Conventional solutions to capacity planning often attempt to cost Internet services by extrapolating generic benchmark measurements. To better meet the stated objectives of capacity planning, a methodology based on Transaction Cost Analysis (TCA) has been developed at Microsoft® for estimating system capacity requirements.

Client transactions are simulated on the host server by a load generation tool that supports standard network protocols. By varying the client load, transaction throughput is correlated with resource utilization over the linear operating regime. A profile is then defined based on anticipated user behavior. This usage profile determines the throughput target and other important transaction parameters from which resource utilization and capacity requirements are then calculated.

Introduction

Conventional Approach

Conventional approaches to capacity planning often involve benchmarking the maximum workload of some specific combination of services, each with a particular usage profile on specific hardware. This process is incomplete and time-consuming, because it is not practical to iterate through all possible hardware, service, and usage profile permutations. A common response to this limitation is to determine these benchmarks for only a moderate number of representative deployment scenarios, and then attempt to estimate costs by extrapolating these benchmarks to fit each particular deployment scenario. This approach also increases the risk of over-provisioning hardware, because these benchmarks are designed to capture only the maximum workload attainable.

Transaction Cost Analysis

Transaction Cost Analysis (TCA) attempts to reduce the uncertainty inherent in this process by providing a framework for estimating each resource cost as a function of any usage profile, service mix, or hardware configuration. Hardware resources include, but are not necessarily limited to, CPU, cache, system bus, RAM, disk subsystem, and network. By using TCA methodology, the potential for over-provisioning hardware is also reduced, because the entire (linear) workload range is measured. Finally, unlike some code profiling techniques, TCA captures all costs present during run time, such as operating system overhead.

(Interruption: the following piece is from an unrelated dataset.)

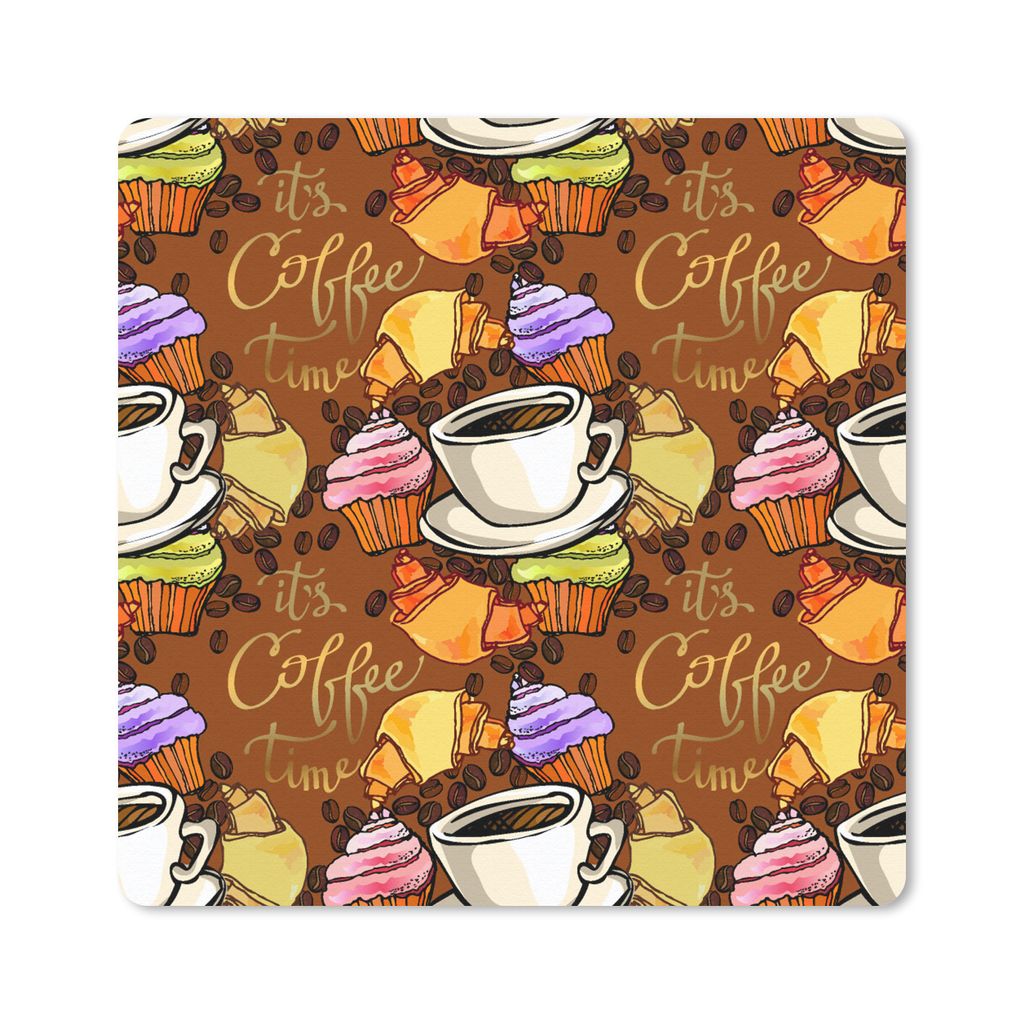 MuchoWow Mauspad Mousepad Kaffee - Croissant - Frühstück 30x30 cm - Mousepads - Maus Mat - Pad - Mausunterlage - Gaming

Figure 1 Comparison between a Conventional Approach and TCA 

The TCA methodology is applicable to any client-server system, but this paper will focus on its application to Internet services.

Two references*, Capacity Planning and Performance Modeling (From Mainframes to Client-Server Systems)* 1 *** *** and Modeling Techniques and Tools for Computer Performance Evaluation,2 focus on capacity and performance modeling in general. Another reference, Configuration and Capacity Planning for Solaris Servers,3 focuses on capacity planning for Sun Solaris systems, but offers helpful general insight as well.

Transaction Cost Analysis Methodology

TCA can be used to detect code bottlenecks and for capacity planning. In many cases, it is used for both purposes simultaneously, allowing the last code iteration to have accompanying capacity information. This paper only discusses using TCA for capacity planning. For simplicity, the methodology presented here assumes that the service analyzed has no code bottleneck (and scales approximately linearly in implementation) and that the hardware bottleneck resides on the hardware running this service.

Usage Profile

The effectiveness and flexibility of the capacity planning model depends on a careful assessment of the expected usage profile for each service. This usage profile consists of both individual and aggregated user behavior, and site profile information. Analysis of transaction logs of similar services provides a helpful starting point for defining this profile. Characteristics derived from this profile are then used to establish performance targets.

Site Profile

A representative site profile must be defined that specifies the following:

  • Services deployed 

  • Number of concurrent users for each service 

  • Expected deployment configuration 

This deployment configuration should include the servers where each software component will reside.

Example 

An Internet Service Provider may be interested in deploying a Web hosting platform that supports browsing of subscriber Web pages through the Internet. Suppose that this platform provides subscribers with use of a File Transfer Protocol (FTP) service to control file transfer of these Web pages to and from the host site.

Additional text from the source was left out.